Best open-ended questions for high school seniors on school safety and bullying

Open-ended questions are a game-changer when we want honest, expressive feedback. They let students share what really matters to them in their own words—crucial when tackling complex issues like safety and bullying.

Use open-ended questions to understand real experiences, nuanced feelings, and stories that multiple-choice can’t capture. Here are 10 effective open-ended questions for this survey audience:

  1. Can you describe a time when you felt unsafe at school? What happened?

  2. How do you think bullying most often shows up at our school?

  3. If you’ve seen or experienced bullying, how did it make you feel?

  4. What would make you feel safer at school?

  5. How do teachers and staff usually respond when they see bullying or conflicts?

  6. What are some ways students can look out for each other to prevent bullying?

  7. If you’ve ever reported bullying, what was that experience like?

  8. What do you wish adults at school understood better about bullying?

  9. Are there any places on campus where you feel less safe? Why?

  10. How would you change our school’s approach to safety and bullying, if you could?

Open-ended responses reveal more than numbers ever could, especially since 71.5% of students have experienced school bullying at some level [1]. These stories provide the depth you need for real change.

Best single-select multiple-choice questions for high school seniors (with examples)

Single-select multiple-choice questions shine when you need to quickly quantify experiences or jump-start a conversation. For many teens, choosing from a few short options feels less intimidating than typing a long answer, helping you boost response rate and get quick insights before asking any follow-ups.

Question: In the past year, how often have you personally witnessed bullying at school?

  • Never

  • Once or twice

  • Monthly

  • Weekly or more

Question: How safe do you feel at school during the day?

  • Very safe

  • Somewhat safe

  • Neutral

  • Somewhat unsafe

  • Very unsafe

Question: If you experienced bullying, which group(s) were most supportive?

  • Friends

  • Teachers

  • School counselors

  • Family

  • Other

When to follow up with "why?" After someone selects an answer, always consider asking "why?" or "Can you share more about your choice?"—especially when the response is surprising, ambiguous, or particularly negative. For example, if a student selects "Very unsafe," following up with "Why do you feel this way? Can you describe a specific incident?" can offer context numbers can’t.

When and why to add the "Other" choice? Don’t forget that "Other" with a free-text box can unlock completely unexpected insights, especially when categories don’t cover the respondent’s real experience. If someone chooses "Other," prompt them with "Please tell us more"—you may discover new trends you didn’t even think to ask about.

NPS-style survey question: does it make sense?

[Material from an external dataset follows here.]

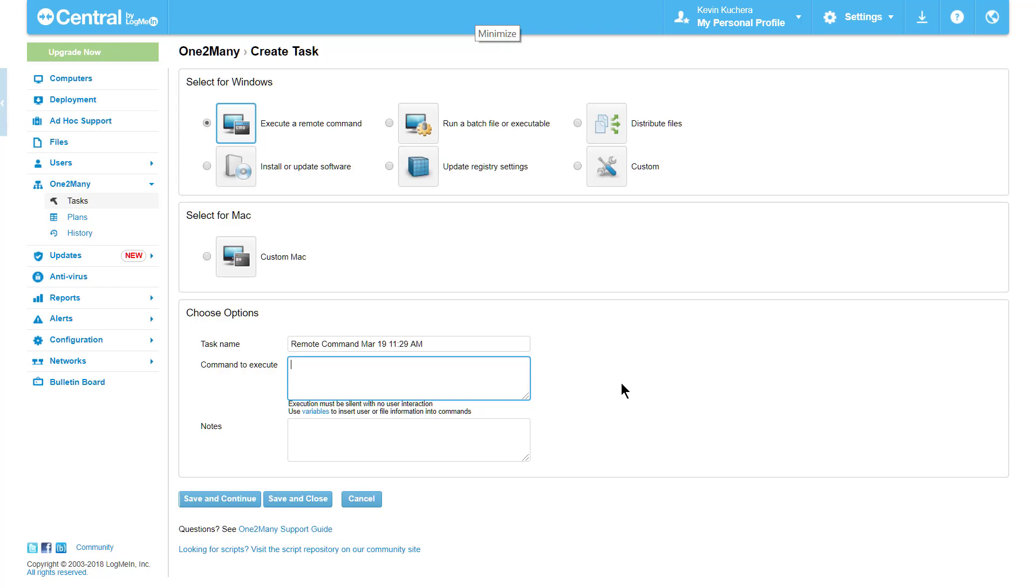If end-user prompts appear, apart from the User Access Control screen, you'll want to reconfigure the script with either a pre-configured detail or a silent execution parameter built in.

The Net Promoter Score (NPS) isn’t only for customer satisfaction—it works well in student surveys when adapted. The classic NPS question (“On a scale from 0–10, how likely are you to recommend…”) lets you measure trust and overall school safety vibe in a single number, then follow up for the why. Try something like:

  • “On a scale from 0–10, how likely are you to recommend your school to others based on how safe you feel here?”

This question not only produces a quantifiable metric for leadership but also encourages quick follow-up on why seniors feel this way. You can generate an NPS-based survey template for school safety in seconds here.

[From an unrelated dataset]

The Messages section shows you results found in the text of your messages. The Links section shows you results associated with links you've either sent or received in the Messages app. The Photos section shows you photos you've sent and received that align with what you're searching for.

The power of follow-up questions

To collect the richest possible feedback, don’t stop at the first response. Automated follow-up questions—like those used in Specific’s AI surveys—get you the depth and clarity that a one-liner just can’t. The AI automatically asks smart, clarifying questions based on the student’s actual reply and context, in real time, just like an expert interviewer. This conversational approach turns surveys into genuine conversations and gives you answers with real context—no lengthy email chases or classroom interruptions needed.

  • High school senior: “I see bullying in the halls sometimes.”

  • AI follow-up: “Can you describe what kind of bullying you’ve seen, and if staff stepped in to help?”

How many followups to ask? In our experience, two or three targeted follow-ups are usually plenty for any topic—enough to unpack the details but not overwhelm. The best tools (like Specific) let you control this setting, and skip to the next question once you get what you need.

This makes it a conversational survey: Each back-and-forth builds a real dialogue, not just a form. Respondents open up more, and your data becomes much richer.

AI survey response analysis and easy reporting: Even with all this unstructured text, analyzing responses is a breeze thanks to AI-powered tools like Specific’s response analysis. You can chat with your data, summarize trends, and spot what matters most—without endless manual work.

Automated follow-up questions are still new. Try building your own survey with follow-ups to see how much more you can learn with less effort.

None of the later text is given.